| RECORD EXTRACTS |
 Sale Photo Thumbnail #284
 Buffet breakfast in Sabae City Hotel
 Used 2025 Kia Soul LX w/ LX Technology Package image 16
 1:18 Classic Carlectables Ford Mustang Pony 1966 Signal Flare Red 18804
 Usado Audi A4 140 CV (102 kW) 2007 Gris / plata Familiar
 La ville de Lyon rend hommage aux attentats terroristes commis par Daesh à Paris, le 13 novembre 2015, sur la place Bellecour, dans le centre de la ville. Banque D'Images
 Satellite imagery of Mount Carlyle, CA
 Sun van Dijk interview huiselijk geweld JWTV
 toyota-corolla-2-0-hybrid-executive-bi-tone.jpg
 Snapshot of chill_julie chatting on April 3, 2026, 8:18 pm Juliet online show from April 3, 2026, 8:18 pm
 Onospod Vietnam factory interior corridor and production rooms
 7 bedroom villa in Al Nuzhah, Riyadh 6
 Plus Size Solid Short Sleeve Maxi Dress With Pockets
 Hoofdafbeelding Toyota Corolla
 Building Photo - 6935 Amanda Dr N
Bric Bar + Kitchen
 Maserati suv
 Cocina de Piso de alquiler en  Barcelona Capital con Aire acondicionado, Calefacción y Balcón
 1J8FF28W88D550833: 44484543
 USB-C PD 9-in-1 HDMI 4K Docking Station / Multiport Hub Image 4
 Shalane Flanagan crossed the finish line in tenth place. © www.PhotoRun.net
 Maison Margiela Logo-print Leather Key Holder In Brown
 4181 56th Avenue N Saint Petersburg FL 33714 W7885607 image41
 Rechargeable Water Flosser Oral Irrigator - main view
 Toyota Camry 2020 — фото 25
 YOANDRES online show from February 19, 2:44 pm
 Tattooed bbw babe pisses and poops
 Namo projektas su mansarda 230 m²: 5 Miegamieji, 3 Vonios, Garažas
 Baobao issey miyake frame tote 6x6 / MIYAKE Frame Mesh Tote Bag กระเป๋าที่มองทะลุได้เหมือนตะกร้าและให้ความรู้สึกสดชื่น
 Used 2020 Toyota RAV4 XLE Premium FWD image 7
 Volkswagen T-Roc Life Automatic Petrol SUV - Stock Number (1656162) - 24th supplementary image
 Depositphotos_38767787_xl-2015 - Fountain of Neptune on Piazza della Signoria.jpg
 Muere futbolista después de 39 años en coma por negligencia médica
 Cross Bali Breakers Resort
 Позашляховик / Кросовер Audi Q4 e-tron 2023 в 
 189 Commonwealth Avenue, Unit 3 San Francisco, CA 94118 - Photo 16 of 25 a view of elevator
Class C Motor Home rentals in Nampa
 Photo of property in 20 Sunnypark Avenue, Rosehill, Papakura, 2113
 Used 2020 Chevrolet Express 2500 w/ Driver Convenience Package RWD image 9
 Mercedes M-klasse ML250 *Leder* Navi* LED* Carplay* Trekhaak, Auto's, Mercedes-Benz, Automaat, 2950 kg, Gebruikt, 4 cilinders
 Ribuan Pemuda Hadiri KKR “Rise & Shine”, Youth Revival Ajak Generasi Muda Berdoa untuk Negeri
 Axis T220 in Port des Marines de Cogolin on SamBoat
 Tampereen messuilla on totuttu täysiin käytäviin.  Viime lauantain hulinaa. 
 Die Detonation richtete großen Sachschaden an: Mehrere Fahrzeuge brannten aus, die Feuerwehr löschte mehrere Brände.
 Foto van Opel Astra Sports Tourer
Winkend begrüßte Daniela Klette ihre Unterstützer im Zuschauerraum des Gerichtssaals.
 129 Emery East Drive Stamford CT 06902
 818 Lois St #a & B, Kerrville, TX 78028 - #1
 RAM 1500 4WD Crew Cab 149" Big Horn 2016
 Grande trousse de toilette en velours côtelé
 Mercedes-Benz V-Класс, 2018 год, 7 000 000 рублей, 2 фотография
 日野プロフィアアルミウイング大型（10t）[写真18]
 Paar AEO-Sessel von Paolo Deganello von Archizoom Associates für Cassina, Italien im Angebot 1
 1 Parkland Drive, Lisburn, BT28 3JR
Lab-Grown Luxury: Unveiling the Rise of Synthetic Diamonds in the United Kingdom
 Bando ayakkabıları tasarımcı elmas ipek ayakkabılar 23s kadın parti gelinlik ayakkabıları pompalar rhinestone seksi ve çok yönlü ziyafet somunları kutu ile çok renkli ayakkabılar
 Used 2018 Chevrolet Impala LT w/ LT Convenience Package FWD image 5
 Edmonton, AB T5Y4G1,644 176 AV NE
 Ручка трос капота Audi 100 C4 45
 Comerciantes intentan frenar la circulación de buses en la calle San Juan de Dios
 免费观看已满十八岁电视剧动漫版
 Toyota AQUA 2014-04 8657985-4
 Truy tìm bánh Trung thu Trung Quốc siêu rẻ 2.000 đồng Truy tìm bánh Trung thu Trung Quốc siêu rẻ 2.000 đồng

| TASK REQUIREMENTS |
Where a line above holds the string "place", show that line.

| ANSWER SECTION |
 La ville de Lyon rend hommage aux attentats terroristes commis par Daesh à Paris, le 13 novembre 2015, sur la place Bellecour, dans le centre de la ville. Banque D'Images
 Shalane Flanagan crossed the finish line in tenth place. © www.PhotoRun.net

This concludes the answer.